La ruta por la parte alta del valle de Aosta empieza frente a la elegante fortaleza de Sarre, instalada sobre un promontorio que domina un amplio panorama. El castillo fue erigido en 1710 sobre los cimientos de una casa fuerte del siglo XIII. Víctor Manuel II de Italia, de la dinastía de los Saboya, lo adquirió en el siglo XIX para usarlo como pabellón de caza, pero él mismo y su sucesor lo ampliaron y enriquecieron con decoración de gusto dudoso, como se ve en el Salón de Trofeos, forrado literalmente con cornamentas de íbice.
Esta cabra montesa se ha convertido en el símbolo del actual Parque Natural del Gran Paradiso, un enorme paraje de prados y bosques de pinos negros que se extiende en torno a otro cuatromil, el Gran Paradiso (4.061 metros). Resulta curioso que una reserva denominada Paraíso fuera el lugar de paseo preferido de numerosos papas, entre ellos Juan Pablo II y Benedicto XVI.
Las cartas de algunos restaurantes de Aosta ofrecen motzetta (una especie de cecina) y guisos de cabra, cuya carne siempre se ha comido en el valle. Me lo explican en un refugio próximo a Valnontey y debe de ser cierto, porque la autopsia realizada a Ötzi –el cazador momificado hace 5.300 años y encontrado en un glaciar en 1991 – demostraba que había comido carne de íbice en su última cena. En los refugios del Gran Paradiso también se puede disfrutar del queso fontina, el producto estrella del valle. Con él se prepara la fonduta o fondue, cuyo origen los valdostanos sitúan en estos valles y no en la vecina Suiza.
Courmayeur se descubre como la capital del esquí en Aosta. Es, por tanto, una ciudad turística con abundantes tiendas sofisticadas, hoteles de lujo y ferraris, pero como cuna del alpinismo rinde también un auténtico culto a la nieve y a la montaña. En 1850 nació la Sociedad de Guías Alpinos de Courmayeur, la segunda compañía más antigua de los Alpes. Casi dos siglos después, los guías de montaña profesionales son admirados como verdaderos héroes locales.

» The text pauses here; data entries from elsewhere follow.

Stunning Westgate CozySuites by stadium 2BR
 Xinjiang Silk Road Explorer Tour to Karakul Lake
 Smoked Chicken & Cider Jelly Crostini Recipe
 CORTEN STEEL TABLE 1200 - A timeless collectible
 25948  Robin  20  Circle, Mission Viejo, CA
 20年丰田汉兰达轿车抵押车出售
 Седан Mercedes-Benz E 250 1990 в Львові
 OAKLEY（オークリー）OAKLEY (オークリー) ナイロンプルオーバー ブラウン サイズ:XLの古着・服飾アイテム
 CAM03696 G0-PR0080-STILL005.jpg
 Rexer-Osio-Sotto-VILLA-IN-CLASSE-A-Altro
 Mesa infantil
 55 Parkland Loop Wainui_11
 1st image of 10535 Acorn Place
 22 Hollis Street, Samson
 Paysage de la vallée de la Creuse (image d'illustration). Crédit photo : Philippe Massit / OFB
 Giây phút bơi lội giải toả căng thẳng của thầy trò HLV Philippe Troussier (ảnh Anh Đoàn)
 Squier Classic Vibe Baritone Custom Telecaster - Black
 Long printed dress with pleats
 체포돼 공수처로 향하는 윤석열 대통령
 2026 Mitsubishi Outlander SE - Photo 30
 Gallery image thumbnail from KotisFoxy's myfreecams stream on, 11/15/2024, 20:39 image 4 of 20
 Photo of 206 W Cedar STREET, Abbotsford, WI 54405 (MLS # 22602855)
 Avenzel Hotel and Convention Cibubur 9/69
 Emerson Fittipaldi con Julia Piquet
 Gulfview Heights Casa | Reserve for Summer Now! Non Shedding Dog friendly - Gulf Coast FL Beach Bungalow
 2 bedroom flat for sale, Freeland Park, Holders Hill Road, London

Desde Courmayeur se adivina el final del Valle de Aosta, cerrado de golpe por la rotundidad del Mont Blanc. El túnel de 11,6 kilómetros que desde 1965 perfora sus entrañas permite pasar a la vertiente francesa en poco rato. Sin embargo, prefiero sobrevolar la grandiosa montaña gracias a la red de teleféricos y funiculares que en seis tramos alcanzan la Aiguille du Midi, sobre la villa de Chamonix. La parada intermedia en la Punta Helbronner marca el fin de mi viaje invernal por el Valle de Aosta. A casi 3.500 metros de altitud, si el día es soleado apenas se sienten los diez grados bajo cero mientras se contempla cómo refulgen los glaciares, las nieves eternas del Mont Blanc, las cumbres del Monte Rosa y la inconfundible pirámide perfecta del Cervino.